Facebook shares closed higher in the US Wednesday, as four major shareholders have backed a proposal to remove Mark Zuckerberg as Chairman of the social media platform. The move is mainly symbolic as Zuckerberg, who is also CEO of the tech firm, maintains some 60% of the company voting rights.
Facebook shares ended the US Wednesday session 0.40% higher at $159.42. However, the stock is currently trading in the red, in out of hours activity.
Reports suggest that four major investment Funds with holdings in Facebook, have jointly called for Zuckerberg to be replaced as chairman of the business. In the US, the same person can hold the positions of CEO and Chairman.
The same call was made in 2017, although it failed to receive much support – only three of the four Funds who now support the change voted in favour, last year.
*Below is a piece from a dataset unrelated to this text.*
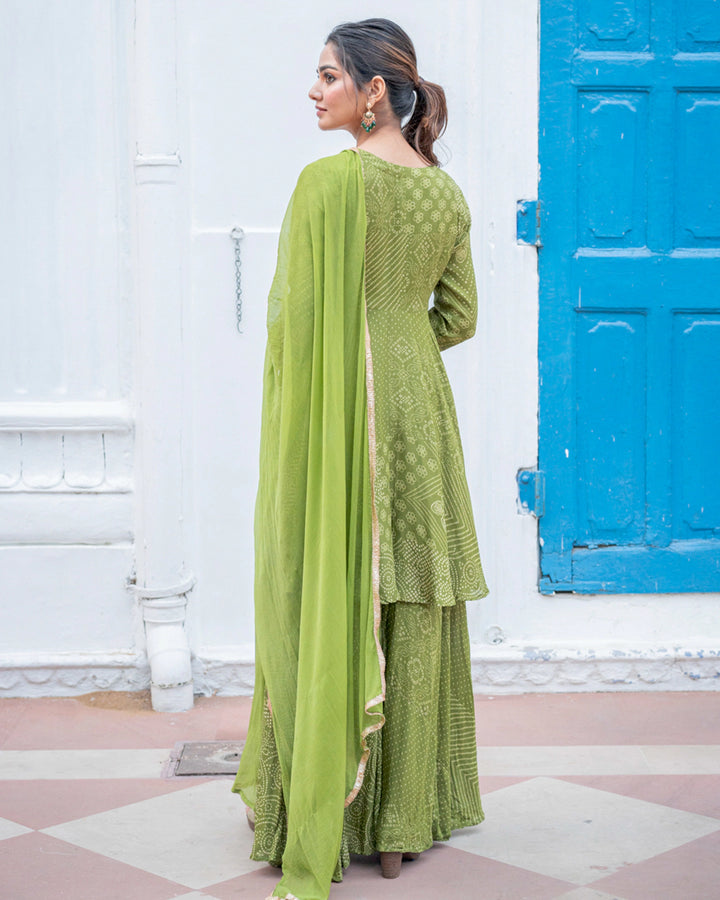 Green Bandhej & Sequin Sharara Set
The fresh proposal was co-filed by State treasurers from Illinois, Rhode Island and Pennsylvania, and New York City Comptroller.
“We need Facebook's insular boardroom to make a serious commitment to addressing real risks — reputational, regulatory, and the risk to our democracy — that impact the company, its share owners, and ultimately the hard-earned pensions of thousands of New York City workers,” New York City Comptroller Scott Stringer told CNBC, in a statement regarding the move.
However, while the likelihood of this change occurring remains slim, it is still regarded as a relevant move, if only to highlight the ongoing problems at Facebook and suggesting at least one option to help solve them.
Facebook can use data collected via Portal
Separately, following the release of Facebook’s new video calling system Portal, which was recently unveiled, fresh reports state that, contrary to the belief that personal data collected on Portal couldn’t be used to support targeted advertising, Facebook has said that it could be used in that way.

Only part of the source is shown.